FYI, pins 0 and 1 on that form of Arduino board are the serial pins, so they don't behave as normally expected for digital I/O.

Using a relay box, you don't want the relay cycling too much, so you would be well served by adding some hysteresis to the switching algorithm. In other words, define a dead band around the desired temperature, and turn the heater on if below that dead band, but don't turn it off until above the dead band. That stops short cycling.

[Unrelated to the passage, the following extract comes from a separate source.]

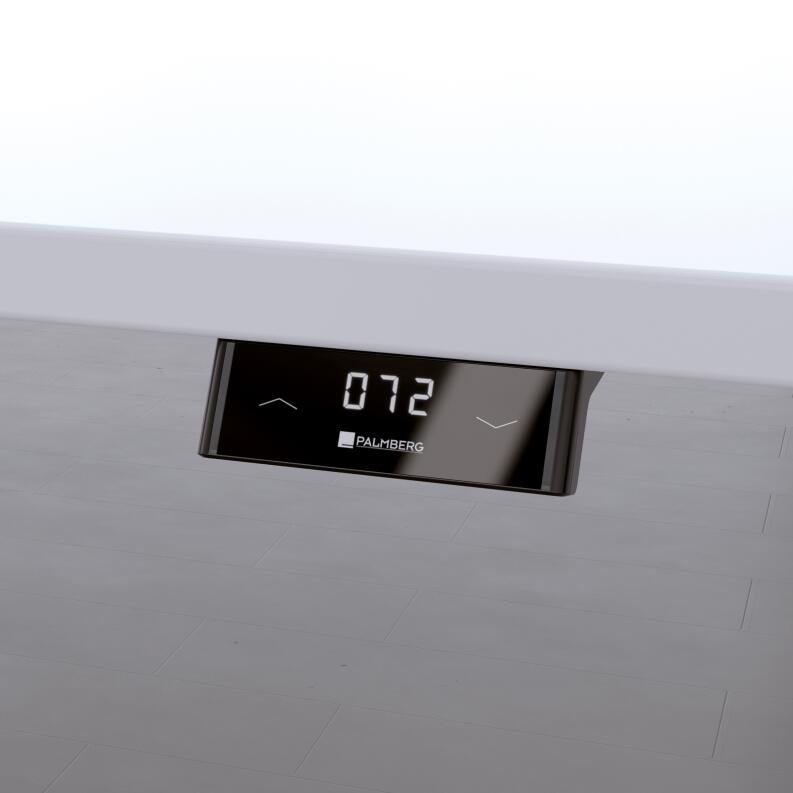 Bedienelement Auf / Ab mit Display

An even better approach to heating is to use a PID algorithm, which will maintain a steady temperature rather than waiting for it to rise and fall. The idea is finding the correct duty cycle for the heater, so that it may spend 30% of the time on, pulsing heat, to maintain your desired temperature. There are PID libraries available for Arduino. When I did this for a heater, I modified the PID routine to include a feed-forward term, allows you to predict the control effort and use that as a starting point. You can look at my code if you are interested. But with a PID controller, you need to use a solid-state relay because you will be cycling the heaters on/off a lot more. For something like you are doing, you might still use a one-minute cycle time, as the system response is very slow. It would just give you a more consistent temperature for the machine.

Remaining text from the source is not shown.